Via an air introducing means 9 in form of an air bubble emitter air bubbles 10 are introduced into the liquid stream 4. Said means 9 may comprise a Venturi system, an air pump, a container with compressed air, or any other means to introduce air bubbles into the liquid stream 4. The air bubbles 10 may be introduced into the liquid dose to, or at a distance from the liquid outlet 3. A tube 14, for instance equipped with a switched valve 15, running from the air introducing means 9 towards the outlet 3 may be suited for introducing the air bubbles 10 into said liquid stream 4 dose to the outlet 3. By means of the switched valve 15 the air bubbles 10 may be introduced at a desired, stationary, intermitting, or variable frequency and of desired volume, as determined for instance by a microprocessor control device 12. Alternatively an air bubble injection system driven by a piezo element may be incorporated in said means 9 together with a micro switch 15.
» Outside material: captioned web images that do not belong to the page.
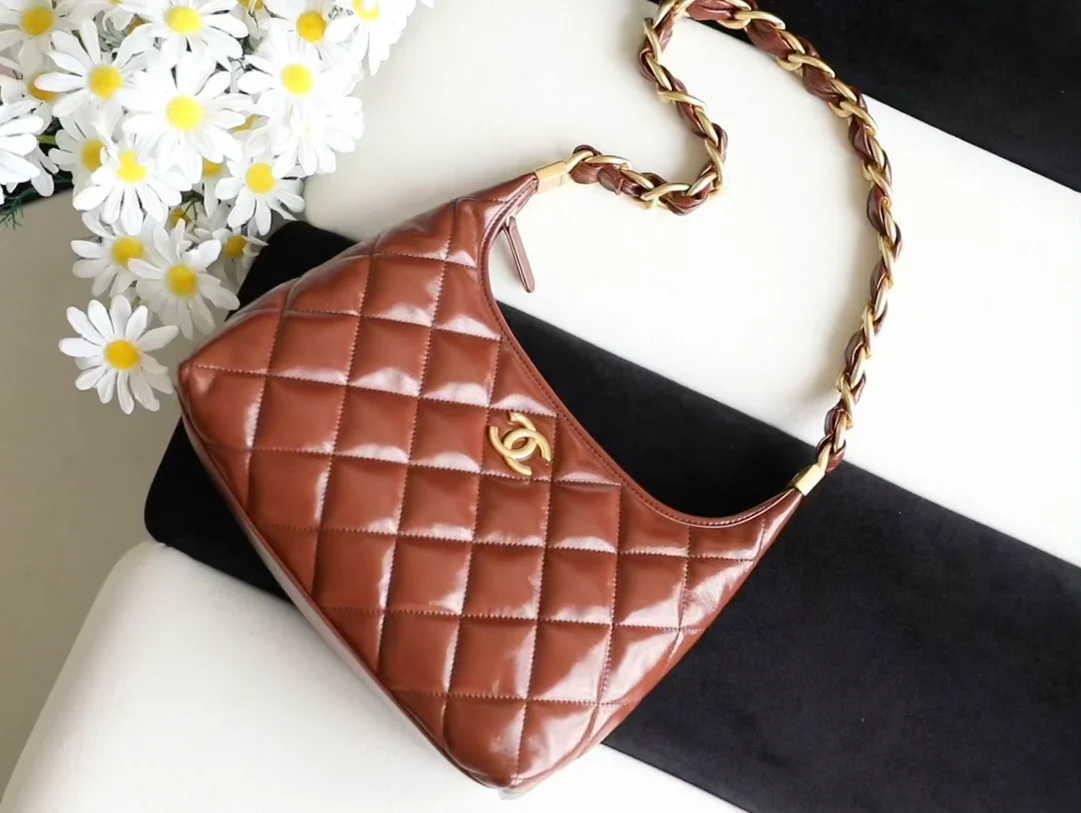 Сумка Chanel 24a Métiers d'Art из глянцевой овечьей кожи, средний размер, карамельного цвета.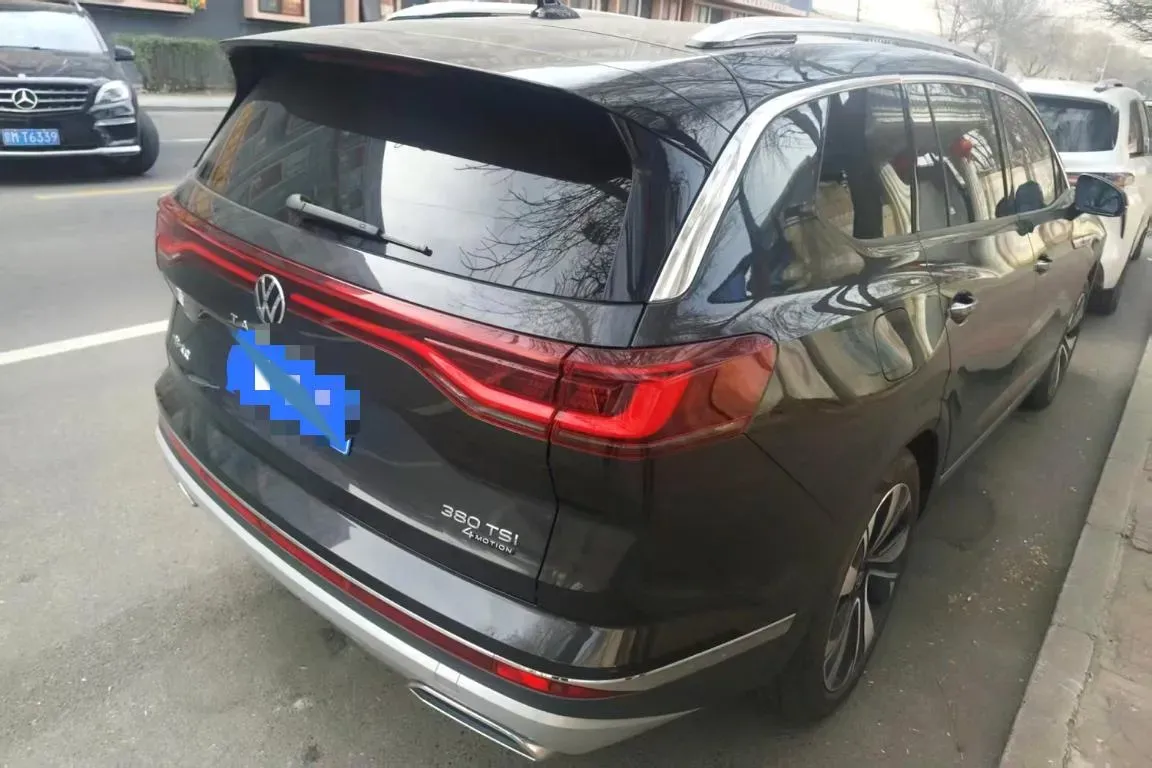 2023 Volkswagen Talagon 2.0T 220HP L4 7DCT,autocango,china used car exporter,china ev exporter,chinese used car exporter,chinese used ev exporter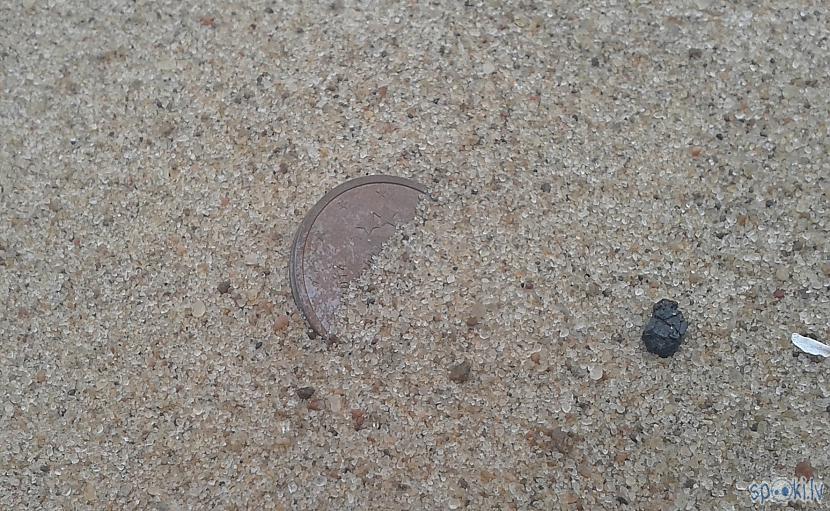 Dažas monētas pat īpascaroni... Autors: pyrathe Rīta pastaiga gar jūru ar metāla detektoru.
The air bubbles 10 will move with the liquid in said laminar or low turbulent liquid stream 4. It is noted that said air bubbles do not tend to move within the liquid stream, for instance do not rise to the outer surface of the liquid stream, as, once in the ambient atmosphere, the liquid stream is subjed to a free fall, which means that said air bubbles will stay inside the liquid stream until said liquid stream is disrupted, for instance when hitting a solid surface. The light rays 8 guided by said liquid stream 4 in ambient atmosphere will, for at least a part, be deflected by said air bubbles 10, which deflected light rays, when no longer meeting the conditions of the principle of total internal reflection, will depart from the liquid stream 4 (light rays 11) and become visible to an onlooker (not shown). Thus, the air bubbles 10 become visible to the onlooker as radiating light, said air bubbles moving with the liquid in said liquid stream 4. As an alternative to air bubbles to have light rays depart from the liquid stream to become visible to the onlooker, means like thumpers’ or ‘scratchers’ as mentioned above may be applied.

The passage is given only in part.